Visit our amazing International university in Berlin! (okay, that one was a bit random)

Grief. I mean, I'm used to moments where then world seem to be scream 'YOU! DO THIS!', but I though that was usually limited to Holocaust related stuff.

Unfortunately Paramour's previous visit to Germany was as part of the occupying forces, and being of the baby boom generation I think he still has the 'kraut=nazi' shorthand. He says he'll probably get over it.
Which is good, I have two years to do this course, and unless things get turned around sharpish, there's not going to be much for me to do around here.

So, you peeps who live in Germanland, please tell me what education is like at your end (ps, don't tell me it's crap, everything thinks their education is crap). My German teacher tells me that the fees are something like £1,000 a year (or was it in euros?) and if that's true it's already miles better than the UK.

Ok, I won't be able to sing 'Night of the Long Knives' in public, but then I probably shouldn't have done that anyway.

(no subject)

Date: 2011-01-18 06:33 pm (UTC)
From: [identity profile] shadowvalkyrie.livejournal.com
I second what people said above: it's not bad over here, but it absolutely isn't the promised land, either. Recent reforms have brought tight curricula and thus made studying what interests you a lot harder.

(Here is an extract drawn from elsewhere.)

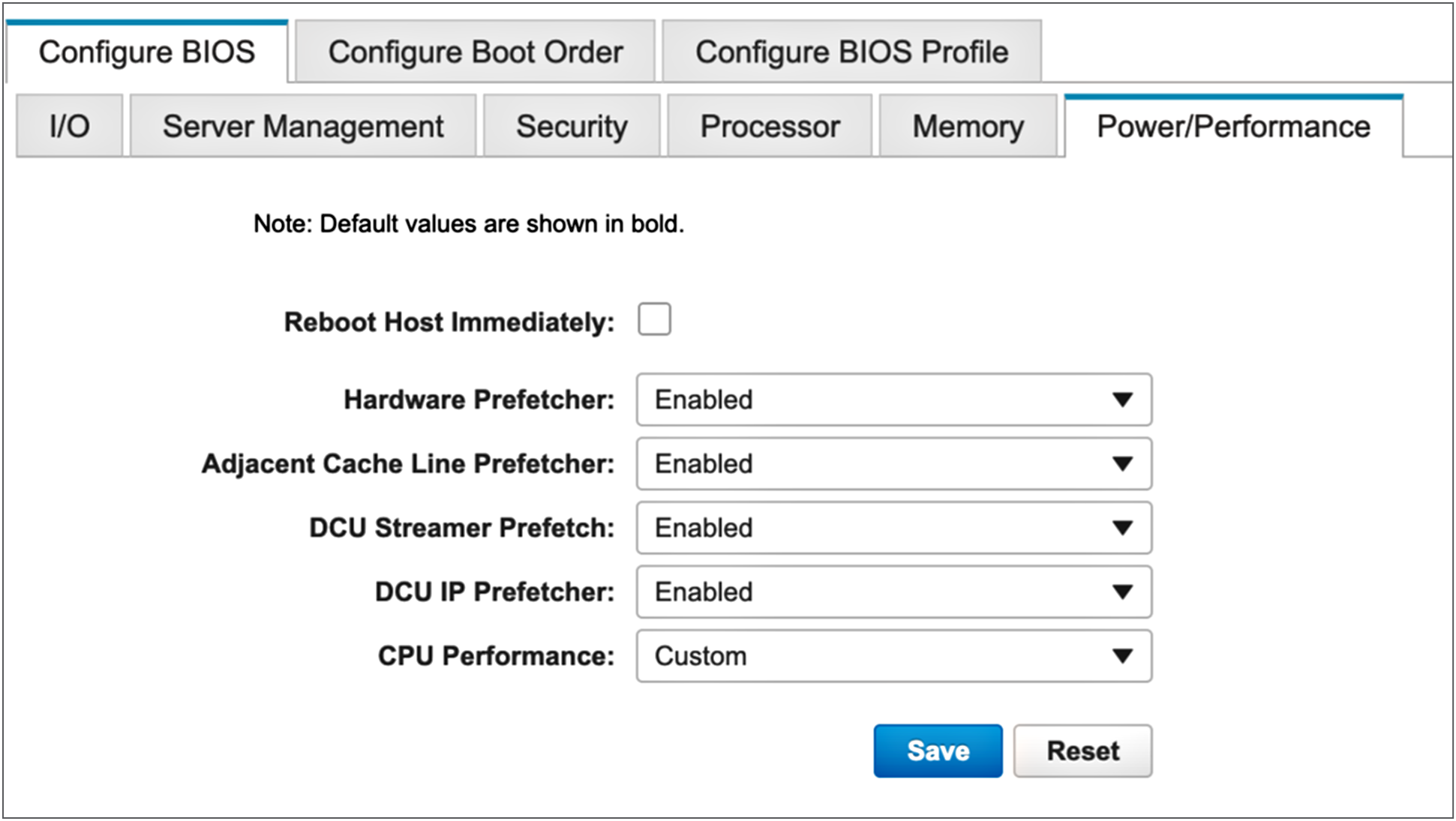 Power and performance settings for virtualized workloads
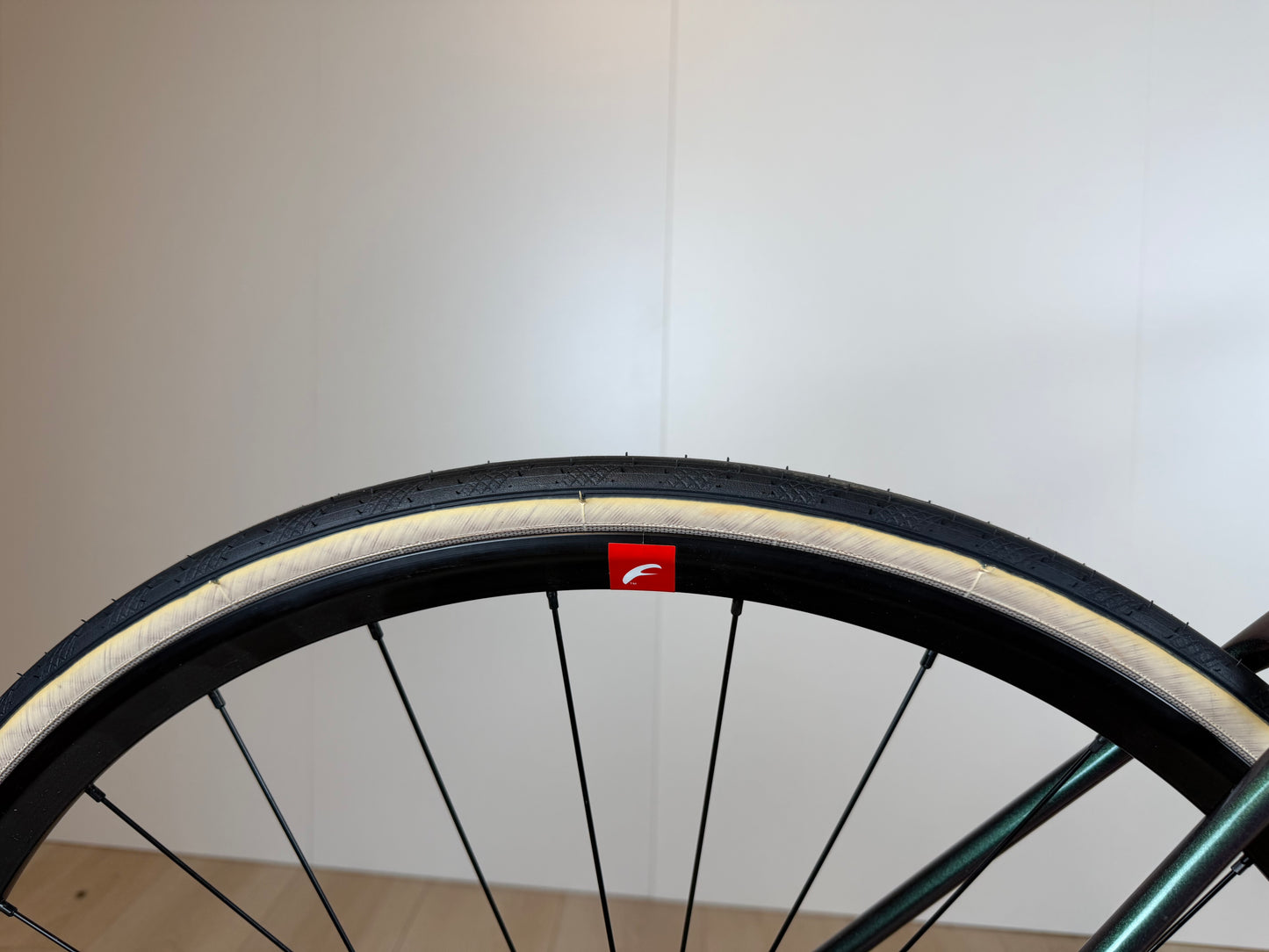 Giant TCR Pro racefiets in zwart en rood, zichtbaar vanaf de zijkant, met aerodynamisch frame en dunne banden.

And while studying is a lot cheaper -- with fees, train ticket and social compensation stuff, I pay roughly 500 € a semester in total, which is about average afaik, plus the usual living expenses (rent, food, the yadda) -- this comes at the cost of much larger classes (often with hundreds of people, very rarely less than 30), and subsequently stressed-out and often unfriendly profs who don't have time for individual students and usually don't know you by name. (Though with a "smaller" (attendance-wise) subject like History, that's less extreme than it was in English when I still did that, or what I've heard from the business-related subjects.

Before you decide on where to apply, make sure you check the subject-specific uni-rankings (must be somewhere on the internet), because the quality differences are huge. Often, small universities trump the big ones like Berlin, Munich, or Cologne. Obviously, I'm all in favour of Münster and you should consider it advertised for special consideration. ";-)

(no subject)

Date: 2011-01-18 06:48 pm (UTC)
From: [identity profile] shadowvalkyrie.livejournal.com
I should add for reasons of fairness that my department isn't so great for Holocaust-related things and only appeals to me as a Medievalist. So you might want to find a different uni.